>>

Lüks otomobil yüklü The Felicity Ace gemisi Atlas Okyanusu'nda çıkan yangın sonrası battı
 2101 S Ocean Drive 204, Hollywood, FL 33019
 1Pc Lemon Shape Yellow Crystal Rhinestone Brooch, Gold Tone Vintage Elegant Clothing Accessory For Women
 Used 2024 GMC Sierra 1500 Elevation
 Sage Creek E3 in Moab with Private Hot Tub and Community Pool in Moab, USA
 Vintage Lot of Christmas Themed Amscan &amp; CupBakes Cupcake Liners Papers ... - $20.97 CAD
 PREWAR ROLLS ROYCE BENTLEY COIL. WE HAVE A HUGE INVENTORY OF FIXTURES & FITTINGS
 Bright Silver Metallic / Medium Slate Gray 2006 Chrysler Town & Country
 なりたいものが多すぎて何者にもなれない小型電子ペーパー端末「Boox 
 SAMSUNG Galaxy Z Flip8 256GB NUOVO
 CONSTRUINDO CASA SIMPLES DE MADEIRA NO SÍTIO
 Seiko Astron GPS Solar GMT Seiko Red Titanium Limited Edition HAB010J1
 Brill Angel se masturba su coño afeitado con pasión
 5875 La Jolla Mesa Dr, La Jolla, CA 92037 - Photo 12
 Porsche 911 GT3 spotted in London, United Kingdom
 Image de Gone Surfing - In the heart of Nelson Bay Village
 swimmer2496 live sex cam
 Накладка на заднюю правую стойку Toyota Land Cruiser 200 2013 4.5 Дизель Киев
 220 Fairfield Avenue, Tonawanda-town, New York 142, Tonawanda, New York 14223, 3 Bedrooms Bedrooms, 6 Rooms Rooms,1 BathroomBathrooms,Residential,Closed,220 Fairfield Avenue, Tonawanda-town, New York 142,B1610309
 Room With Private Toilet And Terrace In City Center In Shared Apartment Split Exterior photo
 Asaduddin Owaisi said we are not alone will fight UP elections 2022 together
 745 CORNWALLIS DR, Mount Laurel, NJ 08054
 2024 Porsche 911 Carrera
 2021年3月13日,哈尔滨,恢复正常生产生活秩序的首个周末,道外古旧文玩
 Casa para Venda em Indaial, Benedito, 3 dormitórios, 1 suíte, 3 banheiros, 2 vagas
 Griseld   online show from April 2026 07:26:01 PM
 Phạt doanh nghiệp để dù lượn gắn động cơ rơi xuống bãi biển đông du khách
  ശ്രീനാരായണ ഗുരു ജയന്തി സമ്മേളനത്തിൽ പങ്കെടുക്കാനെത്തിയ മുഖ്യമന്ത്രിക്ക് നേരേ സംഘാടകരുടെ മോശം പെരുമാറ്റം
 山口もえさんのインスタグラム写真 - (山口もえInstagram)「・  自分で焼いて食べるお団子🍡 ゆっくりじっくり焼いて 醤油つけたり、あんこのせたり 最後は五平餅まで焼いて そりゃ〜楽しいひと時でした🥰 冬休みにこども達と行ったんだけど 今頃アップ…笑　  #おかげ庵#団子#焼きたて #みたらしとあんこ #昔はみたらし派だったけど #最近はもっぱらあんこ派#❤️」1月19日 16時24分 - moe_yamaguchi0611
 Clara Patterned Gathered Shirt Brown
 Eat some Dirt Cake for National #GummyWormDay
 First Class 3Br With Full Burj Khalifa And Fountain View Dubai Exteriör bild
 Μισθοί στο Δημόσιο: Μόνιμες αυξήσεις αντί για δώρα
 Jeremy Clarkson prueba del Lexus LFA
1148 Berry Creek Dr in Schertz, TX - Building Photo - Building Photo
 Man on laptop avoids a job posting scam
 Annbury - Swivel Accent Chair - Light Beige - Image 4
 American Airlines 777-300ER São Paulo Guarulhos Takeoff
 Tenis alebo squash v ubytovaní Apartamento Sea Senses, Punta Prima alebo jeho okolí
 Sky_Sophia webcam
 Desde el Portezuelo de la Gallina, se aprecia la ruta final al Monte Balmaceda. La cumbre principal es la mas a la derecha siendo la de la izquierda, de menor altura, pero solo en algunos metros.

<<

Problem description → Tally the lines in the material above that contain "Porsche". Respond with the number and nothing else.

Answer below → 2